The major constraint on the migration was downtime - there was to be none. The second was that we could not buy any more servers, having just bought eight just three years ago, meaning we had to work out a way to run the existing site at ICONZ and a syncronised clone of it from one of our offices via FX.

As it happens our old CMS (MySource Matrix) required 6 servers, and we had two originating servers for the Citylink CDN (one, a live spare). But we have since replaced our CMS with something that needed fewer resources, freeing up some servers to allow us to build the new system in tandem with the old.

So far, so good.

The new infrastructure uses virtual machines (VM), running on GNU/Linux (except for Windows Media Server). All VMs must be able to run in Auckland or Wellington to allow for services to continue if connectivity to one office is lost (such as in a disaster).

Each VM has a static IP address that is used at either location, and a combination of Routing Information Protocol (RIP) and Border Gateway Protocol (BGP) are used to ensure requests go to the right place within our network.

With two servers relocated to our Wellington office and two to Auckland, a basic cluster was built. At each site dual edge routers connect to FX Networks over fibre, and an SRX240 handles firewall duties. A number of VPN tunnels run between the sites to allow disc replication and communication between VMs in the cluster.

The Backup media and podcast server was moved from the ICONZ address space to the FX connection and prepped to take over from the CDN.

One the cluster bare-metal hardware was in place, the existing Web servers were cloned into new VMs, and reconfigured to work within the new environment.

The audio service change-over was the simplest, requiring a DNS change.
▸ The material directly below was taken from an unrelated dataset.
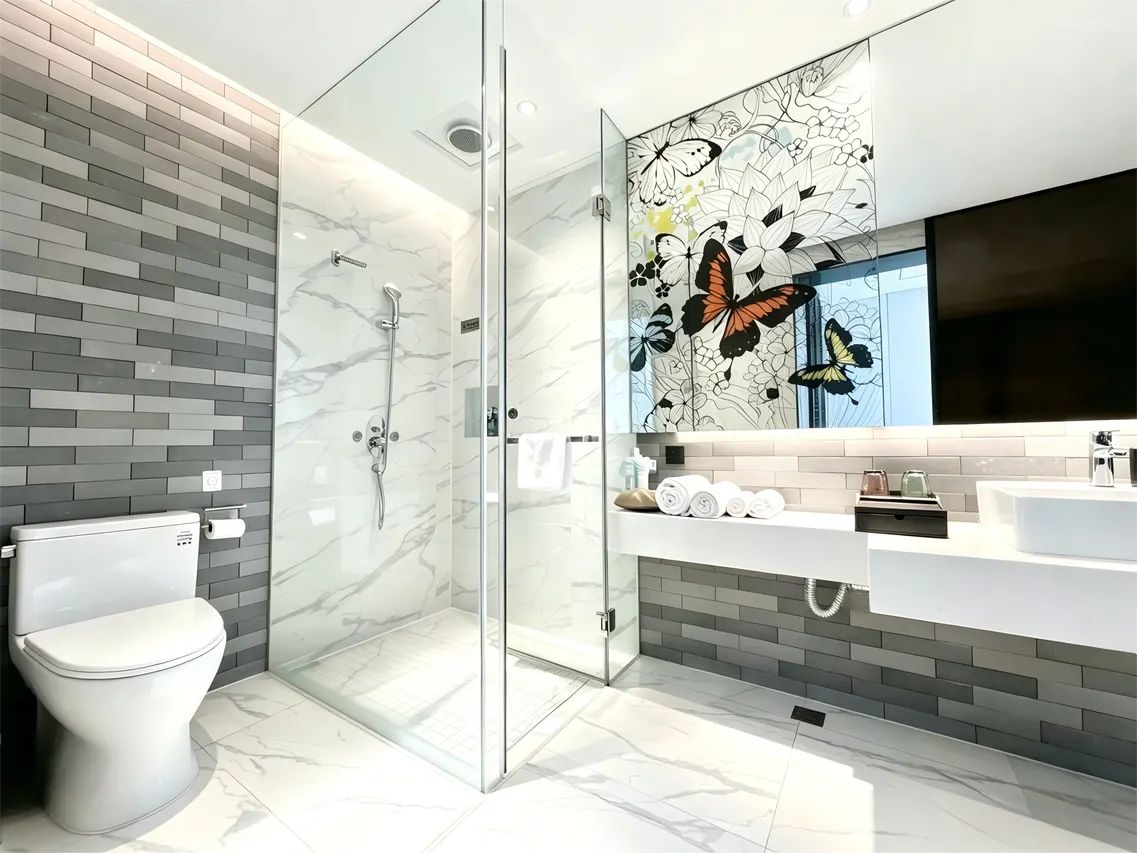A modern bathroom with a glass shower enclosure, a toilet, and a vanity with a mirror.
The DNS records for streaming.radionz.co.nz and podcast.radionz.co.nz were updated to point to our server, and over the space of a day or so all load moved from Citylink's CDN to our server in Wellington. The second server will be moved from ICONZ to our Auckland office, to act as a live spare.

The website change-over was more complicated. Because we are publishing so frequently, we could not do a straight DNS change because some people would be getting the old (no longer updated site) for a period of time. There were several ways to keep the sites in sync, but given the complexity (we are still using parts of MySource Matrix), it wasn't worth the pain to cover the one- to eight-hour DNS time. (And before you ask, not all ISPs honour a short TTL).

The option I chose was to setup a Varnish caching server, point that at the current site, and change the DNS to direct traffic to Varnish. As request moved from the existing site to Varnish, they were forwarded silently back to the old. Once all the traffic requests were arriving at the Varnish, we could then syncronise the new VM servers with the old live servers, and update Varnish to fetch from the those.

This approach meant we could synchronise the new servers with the old (which took about 30 minutes), and then instantly switch Varnish to send requests to the new machines. This we did at 8:45 pm last night. During the syncing process our newsroom could still publish updates to the old server, and the first publish on the new server brought everything up to date.

It is interesting to note that we started directing traffic to the Varnish host just before a tornado hit Auckland, and during this period we saw four times the usual amount of traffic to the site. All of this was going via Varnish, and there was not a single outage.

We will soon move the remaining servers out of ICONZ and add them to the new cluster, improving redundancy and load-balancing capabilities further. From there we'll be fine-tuning the overall performance of the cluster, and next year launching a new design.

I'm happy to answer any technical question in the comments.